It's hard to imagine now, but in the early days of Microsoft, Bill Gates was an actual programmer. One bit of hard evidence is the BASIC program DONKEY.BAS included with original IBM PCs running IBM DOS 1.10. The history of this weird little program is covered in a 2001 TechEd keynote by Gates himself:
I remember being absolutely wow’d by Gorillas.bas back in the day. As I learned/toyed with QBASIC (heh) it was a great deal of fun to slowly modify the game so that you could throw super destructive bananas, (by arcing your banana through a ‘power ring’ in the sky) and all sort of other ridiculous things.
In hindsight, that was probably my first game-mod…
Bill Gates WAS an actual programmer. He was also pretty good. Check the website link for details. According to at least one book, he also used to come to DEC (if memory serves) to help fix bugs in their OS.
DONKEY.BAS is actually a great illustration of the early philosophy of MS/PC vs. the Mac philosophy (which has endured to this day, unlike the MS/PC philosophy): The PC and BASIC are for churning out crappy hacks at 4AM that get something simple done acceptably well, not spending days/weeks/months wandering through the Mac toolkit documentation, compiling Pascal, tring to figure the frameworks out, creating icons and graphics, and trying to make some really elegant program.
Compare that idea to Donkey.net to see how much the programming philosophy of MS has changed:
Donkey .NET is a three-dimensional driving simulator game that demonstrates the new features available to Microsoft Visual Basic developers. Written in Visual Basic .NET RTM, this sample uses XML Web services, multithreading, structured exception handling, shaped Windows Forms, and custom-drawn controls. The sample includes the setups for both the game application and an optional XML Web service used with the game. The setups will also install the source code.
jeebus. I know it’s supposed to basically be a parody, but that means that there’s somtehing there to parody!
Gates, Allen and Davidoff threw every trick at the book to squeeze the interpreter into 4 kilobytes. They succeeded and left some headroom for the programs themselves - without which it would have been pretty useless, of course.
So you’re saying Mac creators are as big of douchebags as Mac users?
Well the possibilities for people to be douchebags are endless. But what I’m saying is if someone who’s a fan of classical music tells you that a cello player isn’t very good. You say, “sure, what ever”. If Yo Yo Ma tells you that a cello player isn’t very good, you take it more seriously.
What are we going to put in the road.
How about a dog.
Okay… Let me try something…
Wow. That’s a terrible looking dog.
Well… We don’t have a whole lot of artistic talent or tools hanging around. We’re working with blocks on a screen here.

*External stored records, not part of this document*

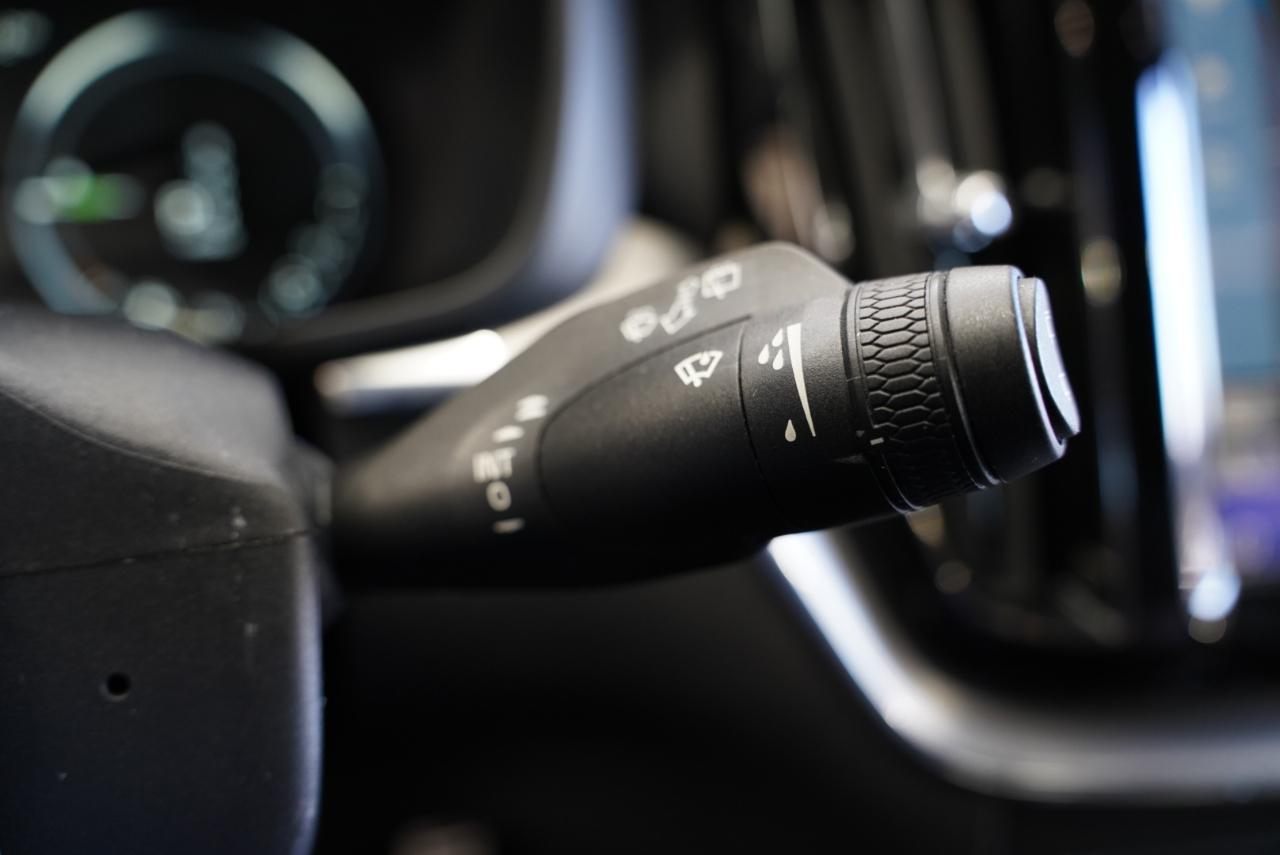Volvo XC60 T8 eAWD Plug-In Hybrid R-Design 2018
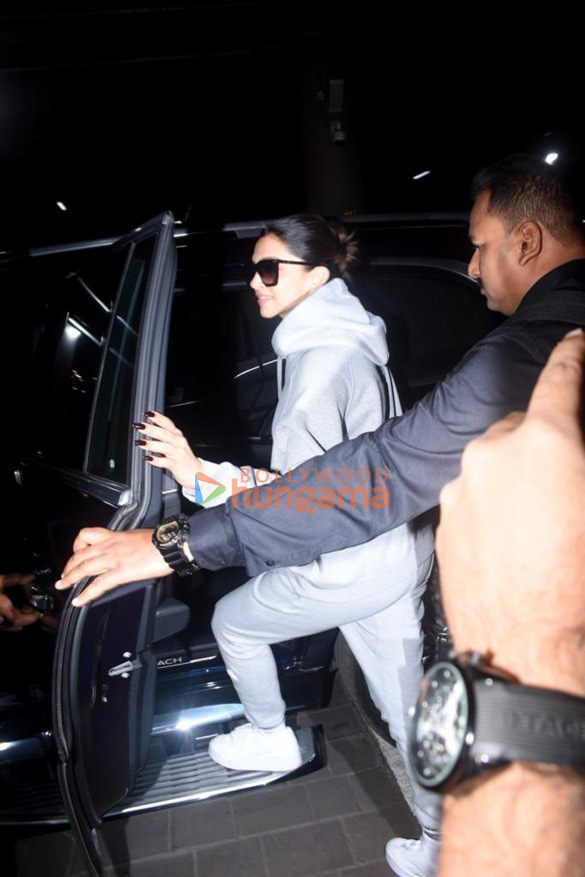 photos deepika padukone and avneet kaur snapped at the airport 5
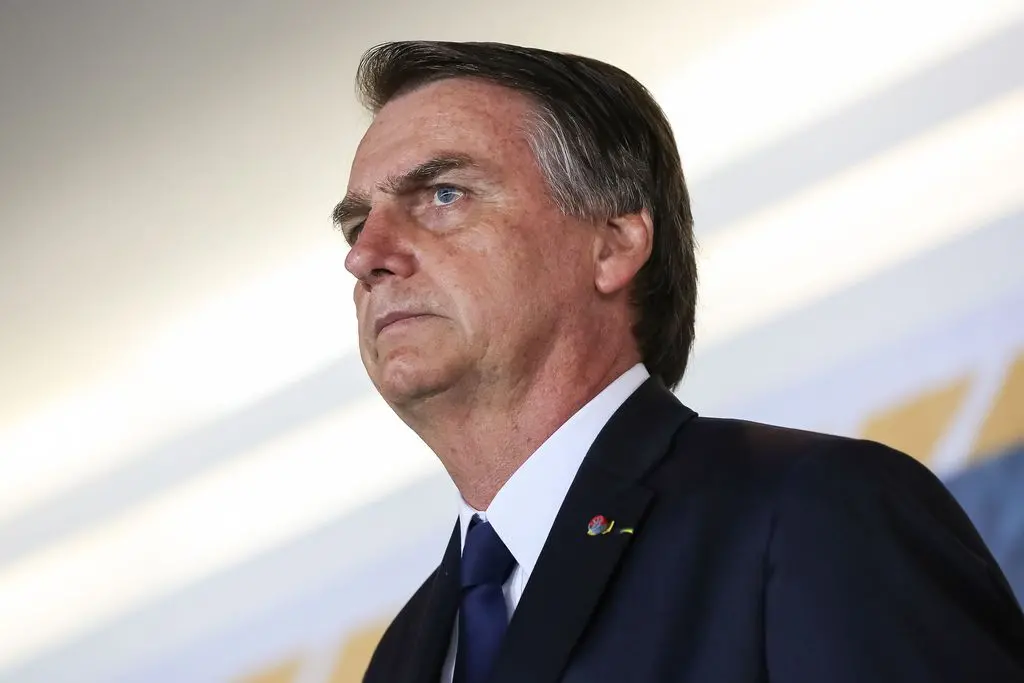 Imagem da notícia: Registrada em certificado de vacina de Bolsonaro, técnica de enfermagem nega ter aplicado imunizante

It does kind of look like a donkey…
… and donkey.bas was formed.
If the spec says dog and you code a donkey… change the spec to say donkey. =)
While people opinions about MS Bill may vary, Bill wrote a basic interpretor for the ALTAIR and to write it, he had to write an emulator of the ALTAIR. I don’t know about you, but writing interpretors and emulators on mid-1970’s machines counts as rocket science in my book. The annotated disassembly of it can still be found on the web.
Interesting, around 1980 I was in 8th grade and we were playing with Commodore PET 2001’s (16K memory and a tape drive for storage) and making games that reminded me of Donkey. A particular one I recall was a skier (A capital W with double quotes beneath for skies) going downhill trying to avoid trees and rocks. We used the natural screen scrolling to make it look like he was going downhill, and ‘peek’ and ‘poke’ commands to place him on the screen and to do collision detection. Maybe it was much simpler, but certainly not very complicated.
It seemed to have better game play that Donkey from what I can tell.